Example input
Here's how this code works:
First, it imports the necessary libraries for data manipulation, K-Means clustering, and visualization.
Next, it loads your dataset and selects the columns you want to use for clustering.
It then defines the number of clusters you want to form.
The code performs K-Means clustering on your data using the KMeans() function from scikit-learn.
Finally, it visualizes the resulting clusters using the plt.scatter() function from matplotlib.
Example output
# Importing libraries
import pandas as pd
import numpy as np
from sklearn.cluster import KMeans
import matplotlib.pyplot as plt
# Load the data
data = pd.read_csv('raw_data.csv')
# Select the columns you want to use for clustering
X = data[['Feature 1', 'Feature 2', 'Feature 3', 'Feature 4']].values
# Define the number of clusters you want to form
num_clusters = 3
# Perform K-Means clustering
kmeans = KMeans(n_clusters=num_clusters, init='k-means++', max_iter=300, n_init=10, random_state=0)

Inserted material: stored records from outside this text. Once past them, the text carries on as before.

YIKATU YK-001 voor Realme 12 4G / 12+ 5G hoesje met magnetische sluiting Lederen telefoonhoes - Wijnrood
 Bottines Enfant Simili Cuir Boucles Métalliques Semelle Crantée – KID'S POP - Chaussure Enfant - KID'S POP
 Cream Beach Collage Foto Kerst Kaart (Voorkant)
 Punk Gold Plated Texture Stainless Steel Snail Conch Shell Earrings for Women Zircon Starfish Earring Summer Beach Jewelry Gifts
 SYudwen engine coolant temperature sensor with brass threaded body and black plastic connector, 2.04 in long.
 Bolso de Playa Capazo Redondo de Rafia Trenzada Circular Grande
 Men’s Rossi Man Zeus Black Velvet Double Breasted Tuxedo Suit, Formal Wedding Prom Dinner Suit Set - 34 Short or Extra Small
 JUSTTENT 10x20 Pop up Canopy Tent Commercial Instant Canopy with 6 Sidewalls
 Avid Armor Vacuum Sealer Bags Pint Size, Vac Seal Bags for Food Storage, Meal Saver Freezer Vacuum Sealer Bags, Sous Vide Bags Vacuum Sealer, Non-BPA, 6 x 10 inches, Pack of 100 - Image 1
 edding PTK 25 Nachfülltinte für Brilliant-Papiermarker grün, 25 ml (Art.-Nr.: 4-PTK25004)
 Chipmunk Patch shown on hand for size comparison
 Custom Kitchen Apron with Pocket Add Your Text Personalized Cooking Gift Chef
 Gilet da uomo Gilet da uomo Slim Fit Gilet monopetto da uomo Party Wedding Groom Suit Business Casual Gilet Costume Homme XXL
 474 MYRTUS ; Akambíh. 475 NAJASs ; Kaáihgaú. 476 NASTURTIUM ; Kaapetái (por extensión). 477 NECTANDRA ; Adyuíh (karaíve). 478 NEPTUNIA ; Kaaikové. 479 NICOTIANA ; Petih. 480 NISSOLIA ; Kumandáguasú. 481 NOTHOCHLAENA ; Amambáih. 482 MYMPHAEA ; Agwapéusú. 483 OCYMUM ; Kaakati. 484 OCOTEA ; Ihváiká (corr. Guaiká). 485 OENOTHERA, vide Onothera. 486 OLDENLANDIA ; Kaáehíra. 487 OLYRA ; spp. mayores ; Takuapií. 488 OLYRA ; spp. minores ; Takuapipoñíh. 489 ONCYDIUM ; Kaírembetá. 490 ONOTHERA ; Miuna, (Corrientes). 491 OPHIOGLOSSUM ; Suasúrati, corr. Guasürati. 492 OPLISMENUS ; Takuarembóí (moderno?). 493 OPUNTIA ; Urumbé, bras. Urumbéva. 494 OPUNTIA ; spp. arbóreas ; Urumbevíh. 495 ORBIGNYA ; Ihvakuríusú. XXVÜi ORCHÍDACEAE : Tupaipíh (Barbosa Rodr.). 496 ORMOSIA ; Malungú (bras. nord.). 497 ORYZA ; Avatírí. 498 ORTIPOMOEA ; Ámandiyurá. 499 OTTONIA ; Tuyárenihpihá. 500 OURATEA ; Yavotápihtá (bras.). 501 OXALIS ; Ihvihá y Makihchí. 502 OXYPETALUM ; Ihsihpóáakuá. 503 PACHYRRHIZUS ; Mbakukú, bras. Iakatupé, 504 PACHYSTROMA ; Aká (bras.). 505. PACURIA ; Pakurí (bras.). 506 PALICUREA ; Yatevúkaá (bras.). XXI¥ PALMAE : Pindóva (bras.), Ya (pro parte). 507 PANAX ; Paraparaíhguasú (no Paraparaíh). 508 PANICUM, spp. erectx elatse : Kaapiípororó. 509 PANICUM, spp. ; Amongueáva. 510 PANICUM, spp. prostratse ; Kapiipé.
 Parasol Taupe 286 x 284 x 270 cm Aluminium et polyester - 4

y_kmeans = kmeans.fit_predict(X)
# Visualize the clusters
plt.scatter(X[y_kmeans == 0, 0], X[y_kmeans == 0, 1], s = 100, c = 'red', label = 'Cluster 1')
plt.scatter(X[y_kmeans == 1, 0], X[y_kmeans == 1, 1], s = 100, c = 'blue', label = 'Cluster 2')
plt.scatter(X[y_kmeans == 2, 0], X[y_kmeans == 2, 1], s = 100, c = 'green', label = 'Cluster 3')
plt.scatter(kmeans.cluster_centers_[:, 0], kmeans.cluster_centers_[:, 1], s = 300, c = 'yellow', label = 'Centroids')
plt.title('Clusters')
plt.xlabel('Feature 1')
plt.ylabel('Feature 2')
plt.legend()
plt.show()